The Color of Cyan seeps back in with monumental force on the face-melting "Hail the Mountains," the first single from their forthcoming third LP, "As Human." This music demands to be not just heard but felt from the very first swell.

The Puerto Rico-based post-rock band constructs a churning, wordless epic that's both majestic and meditative. Propelled by tremolo-picked guitars that polish like a frigid alpine wind and music that feels as expansive and epic as a mountain range, the song slows down time. It achieves that rare sensation of standing still while everything else is in motion. It's meditative and monumental at once. This is a band that knows how to construct. For nearly seven minutes, "Hail the Mountains" moves like tectonic plates, slow, large, inexorable.

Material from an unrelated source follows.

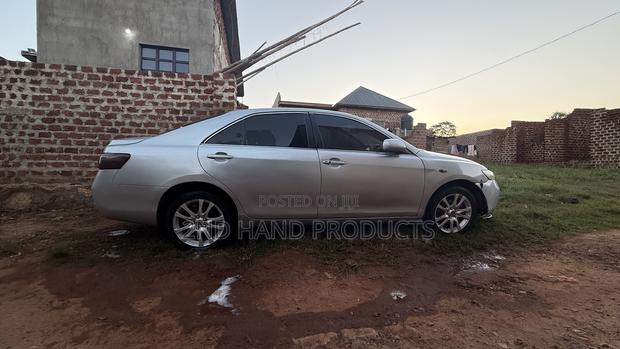 Toyota Camry 2009 Silver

The instrumentation ebbs and flows in emotional waves that capture the exquisite tension between human fragility and the permanence of nature. There's no urgency to the peak, the journey is the purpose, and each sound layer feels like a statement carved from silence, like a rock from the earth.

And when you think the storm has passed, The Color of Cyan pulls something over on you. The song haunts and fades to a quiet acoustic outro, like a breathy echo of footfalls on snow or beams of sun on the first day of spring after a long winter. It's an ending that feels as much like a beginning, a taking stock that's something more, a breath that's grateful, steady, and deeply human.

"Hail the Mountains" doesn't jump on trends. It doesn't saunter by, doesn't shimmy, doesn't beg for attention via flash or frenzy. Instead, it hoists its flag into a country all its own stoic, wide-open, and eternal.